We then went to the pool and had a nice day.
I don't like the fact that H starts out with "I'd like you to come to lunch/ meet me for a coffee!" and then starts to talk about the house or holidays. I really don't need to talk to him about that stuff face to face, especially with D around. We have the internet and email to broach subjects.
I will NOT meet H "for a coffee" or "for lunch" again. I always come away feeling dirty and duped and used. I am going to have to work on learning to just say no, in whatever manner is best, but I am going to have to say NOOOOOOO .
H feels no compunction about talking about the house etc in front of D.

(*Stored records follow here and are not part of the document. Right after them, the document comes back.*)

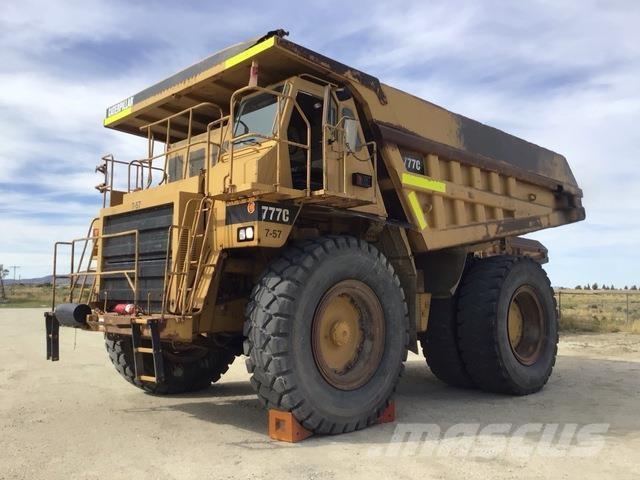 CAT 777C Midjestyrd dumper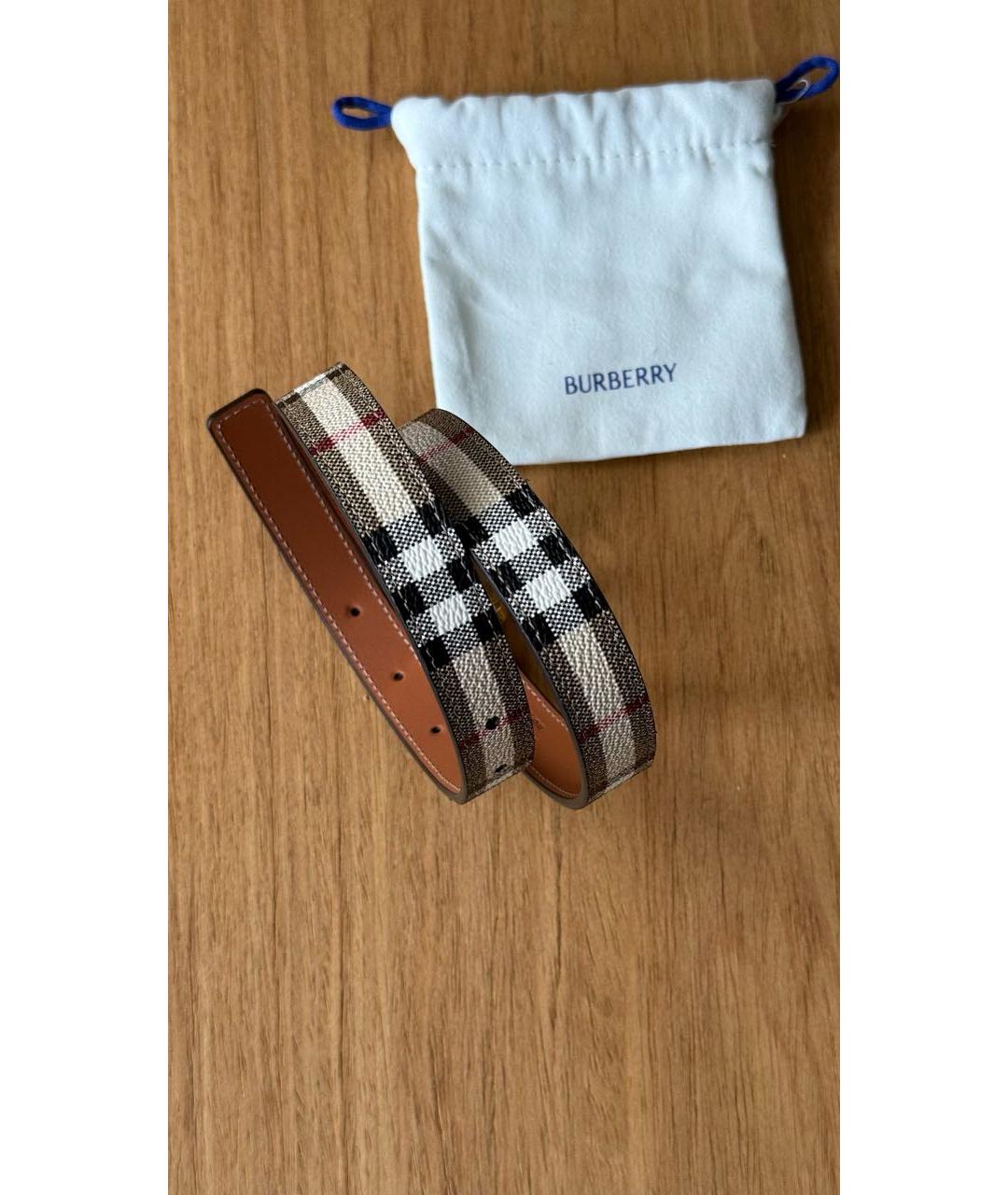 BURBERRY Ремень, фото 3
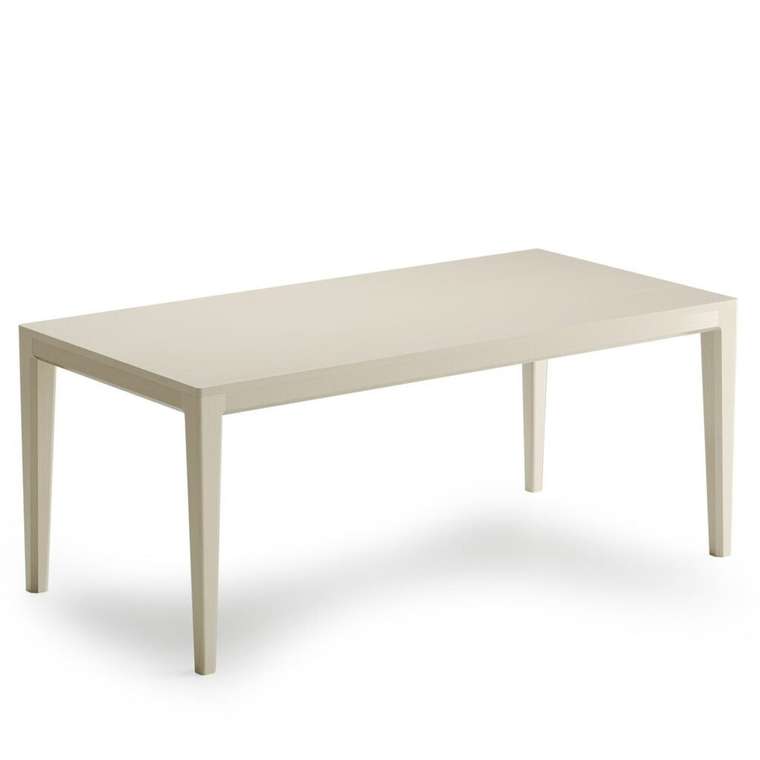 Обеденный стол Mavis MVT30 бежевого цвета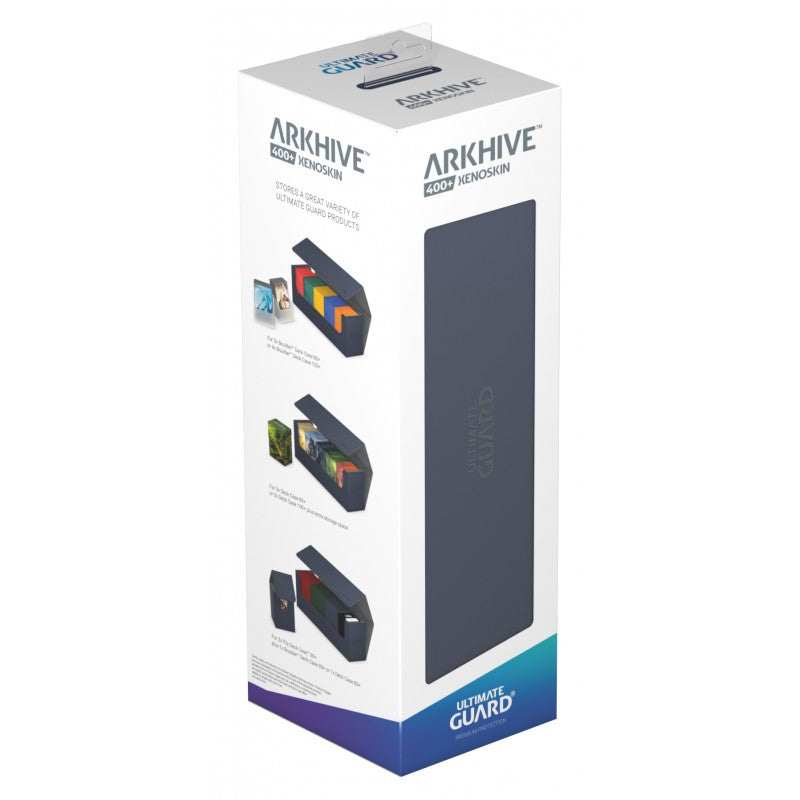 Image of Blue Arkhive - Ultimate Guard Deckbox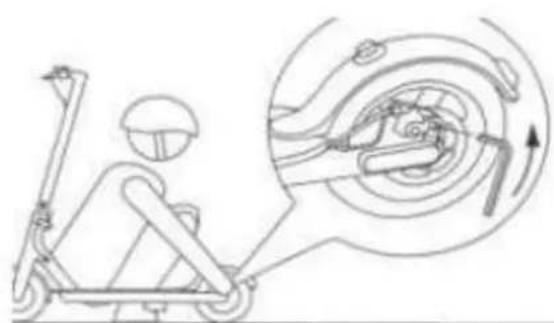 URBAN GLIDE RIDE 100S - Mantenimiento de la potencia/freno - 1
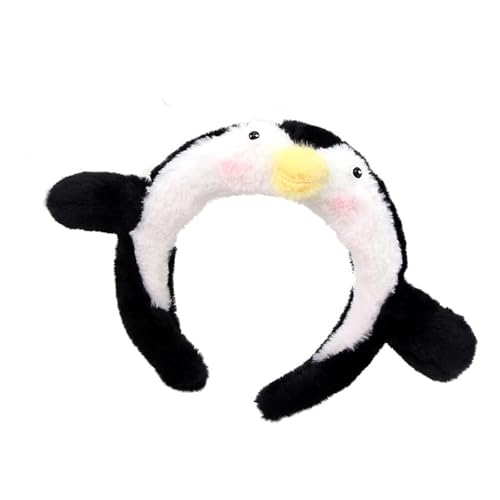 BINGGA Whimsy Huhn Pinguine Stirnband Lustige Kopfbedeckung Haarbänder Kopfbedeckung Auffällige Haarbänder Geburtstag Party BINGGA Whimsy Huhn Pinguine Stirnband Lustige Kopfbedeckung Haarbänder Kopfbedeckung Auffällige Haarbänder Geburtstag Party von BINGGA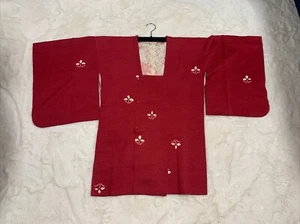 JAPANESE KIMONO HAORI JACKET FOR WOMEN AUTHENTIC JAPAN MADE Beautiful EUC - Picture 1 of 6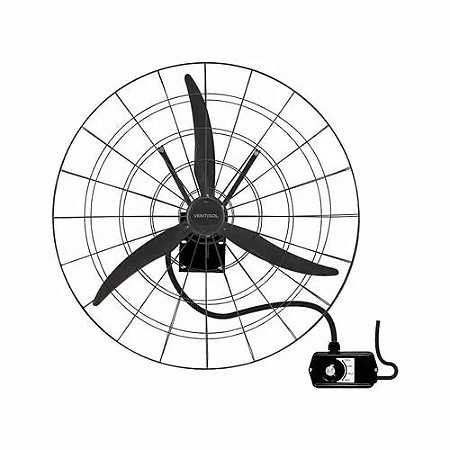 Ventilador de Parede Industrial 1 Metro 220V Ventisol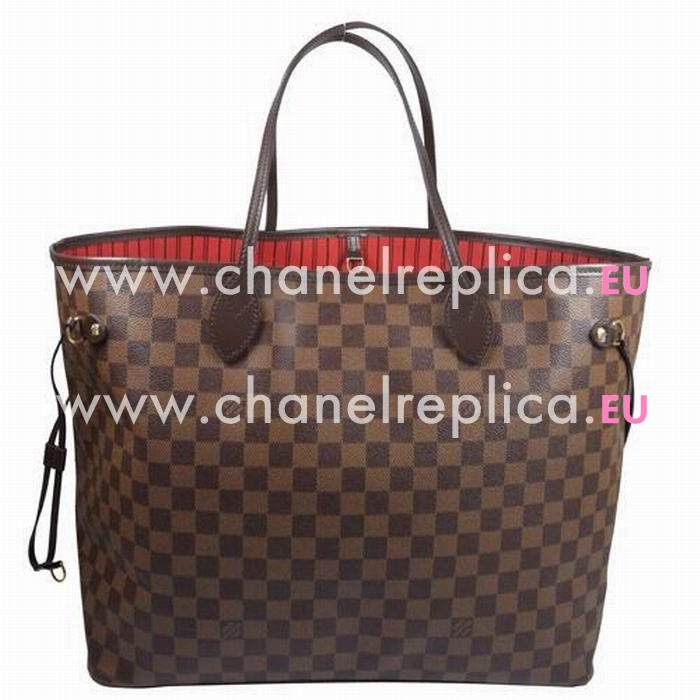 Louis Vuitton Monogram Neverfull Shoping Bag GM N41357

I can understand that he wants his part of the equity. But I know that this scheme to buy a house along with "friends" is just another of his harebrained ideas de jour. In a way I see D and I "sitting" on this house as the only safe investment for the future that either H or I has.
But ultimately I long to be separated from H financially. I don't want to be entwined with him in manner any longer.
There is lots I could say about our convo today, but I don't have the energy to type it out right now.
Will just end with a couple of things.
Was reading "Loving What Is" at the pool today, and can't comment yet as I haven't got too far.
The other day I bought a telephone with caller ID facility. Just wondering when to start using it. D will want to know about the new phone, as will H no doubt (the answerphone will have a different message/voice). How to get around just saying up front, I wanted caller ID so I can screen out "certain" calls at times??